→ TASK DETAILS:
Omit all pictures and transcribe only the lines in the entries below that run from the line with "Al Habtoor Palace" through the line with "302 West 3rd".
----- PROVIDED RECORDS -----
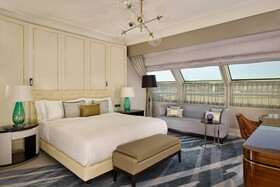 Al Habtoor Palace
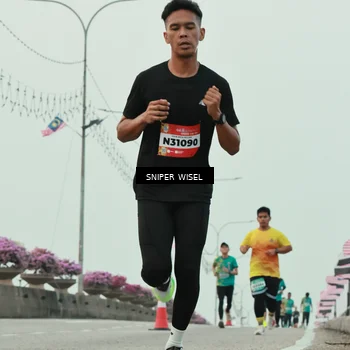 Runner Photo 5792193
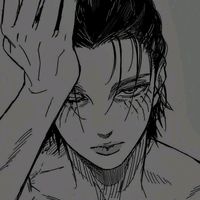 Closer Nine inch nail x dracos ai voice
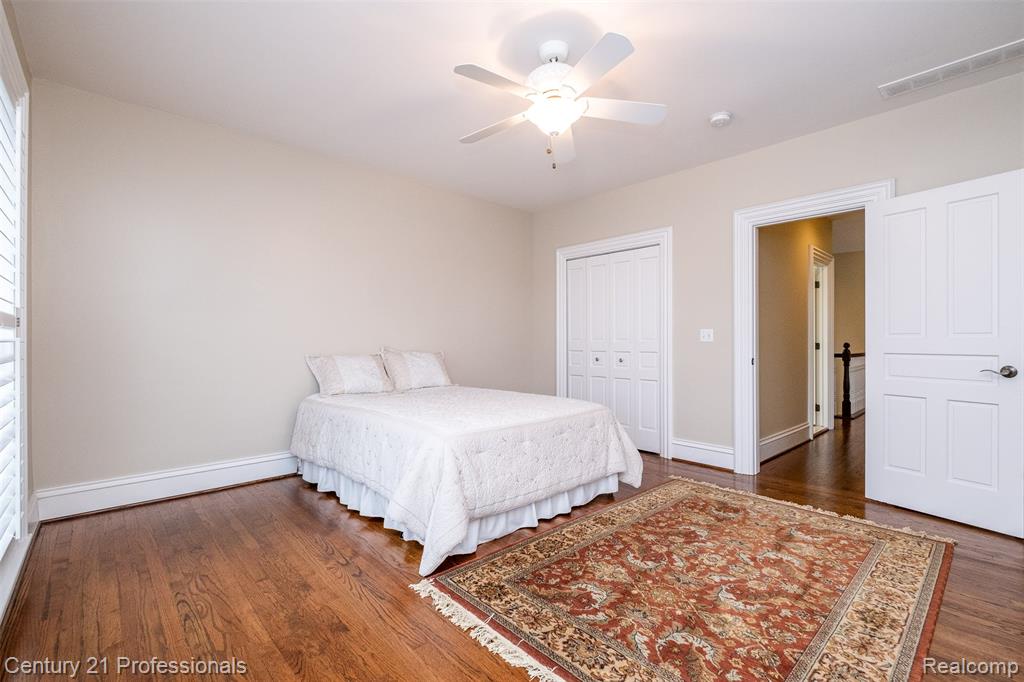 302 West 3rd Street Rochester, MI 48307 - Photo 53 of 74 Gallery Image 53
-----
----- PROVIDED RECORDS -----
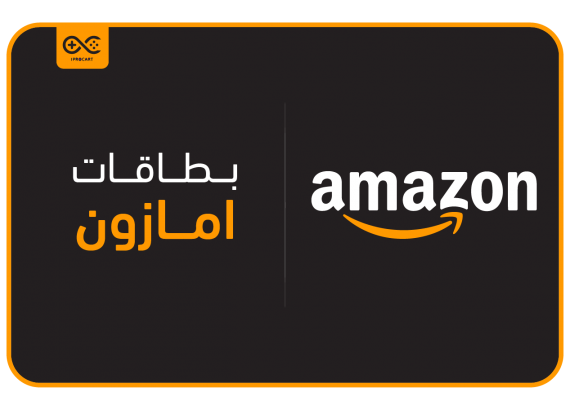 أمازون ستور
-----
----- PROVIDED RECORDS -----
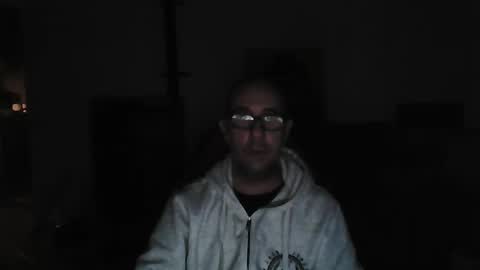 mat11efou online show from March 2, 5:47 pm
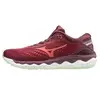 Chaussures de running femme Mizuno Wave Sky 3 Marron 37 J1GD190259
-----
→ EXPECTED ANSWER:
 Al Habtoor Palace
 Runner Photo 5792193
 Closer Nine inch nail x dracos ai voice
 302 West 3rd Street Rochester, MI 48307 - Photo 53 of 74 Gallery Image 53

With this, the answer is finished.